Exercise brief:
Word for word, restate the lines of the material below from its first line through the one containing "Skiennix Hooded Baby". Omit the rest.

Available data:
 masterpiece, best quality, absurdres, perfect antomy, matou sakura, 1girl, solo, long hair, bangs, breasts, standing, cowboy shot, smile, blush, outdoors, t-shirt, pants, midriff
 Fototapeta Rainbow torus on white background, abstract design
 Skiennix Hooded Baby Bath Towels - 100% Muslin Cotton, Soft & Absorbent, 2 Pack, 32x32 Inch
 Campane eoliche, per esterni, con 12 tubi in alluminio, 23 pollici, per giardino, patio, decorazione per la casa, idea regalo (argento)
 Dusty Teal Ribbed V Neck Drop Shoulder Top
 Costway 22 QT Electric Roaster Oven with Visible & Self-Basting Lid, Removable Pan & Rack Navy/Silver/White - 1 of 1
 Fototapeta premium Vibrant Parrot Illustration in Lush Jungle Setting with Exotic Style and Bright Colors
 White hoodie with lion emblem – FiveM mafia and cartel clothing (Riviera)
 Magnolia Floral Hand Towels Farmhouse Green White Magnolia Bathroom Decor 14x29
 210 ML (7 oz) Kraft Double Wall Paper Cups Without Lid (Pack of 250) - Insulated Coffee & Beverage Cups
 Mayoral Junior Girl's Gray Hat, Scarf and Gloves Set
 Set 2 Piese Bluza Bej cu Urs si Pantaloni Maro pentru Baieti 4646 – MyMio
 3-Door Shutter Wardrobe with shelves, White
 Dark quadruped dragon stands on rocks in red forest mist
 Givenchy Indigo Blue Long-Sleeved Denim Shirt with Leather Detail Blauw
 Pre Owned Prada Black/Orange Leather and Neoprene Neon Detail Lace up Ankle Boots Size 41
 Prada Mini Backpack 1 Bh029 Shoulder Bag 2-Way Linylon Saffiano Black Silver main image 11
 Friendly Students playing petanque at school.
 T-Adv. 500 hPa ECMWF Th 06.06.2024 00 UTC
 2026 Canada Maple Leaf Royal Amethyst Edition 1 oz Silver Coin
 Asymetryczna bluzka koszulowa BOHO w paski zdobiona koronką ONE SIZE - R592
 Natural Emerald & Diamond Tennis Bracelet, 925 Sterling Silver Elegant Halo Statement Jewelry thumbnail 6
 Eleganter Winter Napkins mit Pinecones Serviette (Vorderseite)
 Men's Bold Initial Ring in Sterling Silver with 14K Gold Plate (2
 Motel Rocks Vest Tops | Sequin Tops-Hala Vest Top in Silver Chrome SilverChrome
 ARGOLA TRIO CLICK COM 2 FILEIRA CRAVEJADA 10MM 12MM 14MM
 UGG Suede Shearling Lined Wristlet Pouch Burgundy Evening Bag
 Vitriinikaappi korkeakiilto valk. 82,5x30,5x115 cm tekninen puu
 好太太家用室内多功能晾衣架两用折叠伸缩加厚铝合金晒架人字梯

Final answer:
 masterpiece, best quality, absurdres, perfect antomy, matou sakura, 1girl, solo, long hair, bangs, breasts, standing, cowboy shot, smile, blush, outdoors, t-shirt, pants, midriff
 Fototapeta Rainbow torus on white background, abstract design
 Skiennix Hooded Baby Bath Towels - 100% Muslin Cotton, Soft & Absorbent, 2 Pack, 32x32 Inch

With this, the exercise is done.